[R] return value of {....}
akshay kulkarni
@k@h@y_e4 @end|ng |rom hotm@||@com
Sun Jan 15 16:34:40 CET 2023
Dear Bill,
Thanks for your reply.....
thanking you,
Yours sincerely,
AKSHAY M KULKARNI
________________________________
From: Bill Dunlap <williamwdunlap using gmail.com>
Sent: Friday, January 13, 2023 10:48 PM
To: Valentin Petzel <valentin using petzel.at>
Cc: akshay kulkarni <akshay_e4 using hotmail.com>; R help Mailing list <r-help using r-project.org>
Subject: Re: [R] return value of {....}
R's
{ expr1; expr2; expr3}
acts much like C's
( expr1, expr2, expr3)
E.g.,
$ cat a.c
#include <stdio.h>
int main(int argc, char* argv[])
{
double y = 10 ;
double x = (printf("Starting... "), y = y + 100, y * 20);
printf("Done: x=%g, y=%g\n", x, y);
return 0;
}
$ gcc -Wall a.c
$ ./a.out
Starting... Done: x=2200, y=110
I don't like that syntax (e.g., commas between expressions instead of the usual semicolons after expressions). Perhaps John Chambers et all didn't either.
-Bill
On Fri, Jan 13, 2023 at 2:28 AM Valentin Petzel <valentin using petzel.at<mailto:valentin using petzel.at>> wrote:
Hello Akshay,
R is quite inspired by LISP, where this is a common thing. It is not in fact that {...} returned something, rather any expression evalulates to some value, and for a compound statement that is the last evaluated expression.
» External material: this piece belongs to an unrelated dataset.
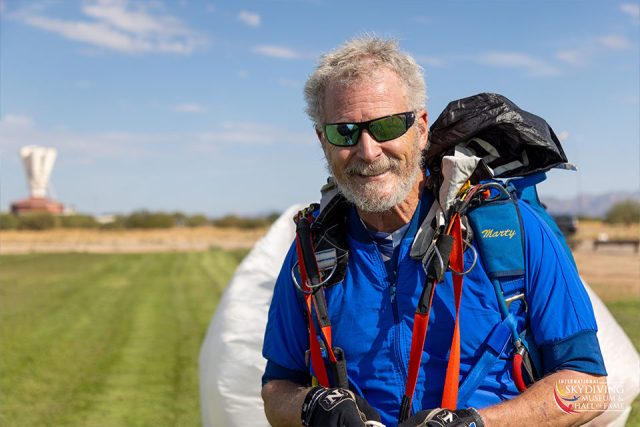 A smiling man with gray hair stands in a grassy field, wearing a blue shirt, sunglasses, and a parachute. The sky is clear, and there's a structure in the background. He's holding his gear and looks content.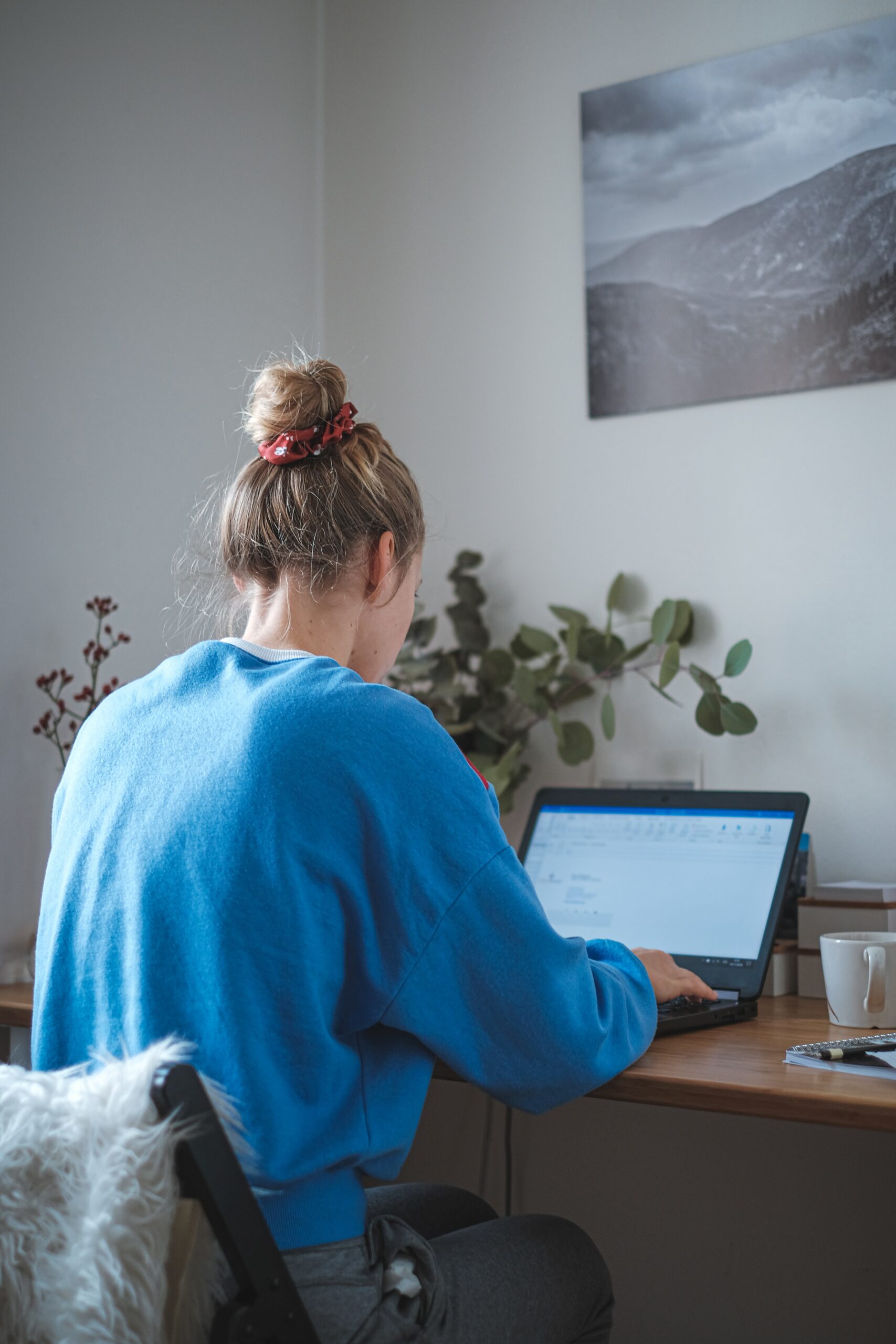 blonde woman sits at a desk and looks to be working from home in sweats and a scrunchie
{...} might be seen as similar to LISPs (begin ...).
Now this is a very different thing compared to {...} in something like C, even if it looks or behaves similarly. But in R {...} is in fact an expression and thus has evaluate to some value. This also comes with some nice benefits.
You do not need to use {...} for anything that is a single statement. But you can in each possible place use {...} to turn multiple statements into one.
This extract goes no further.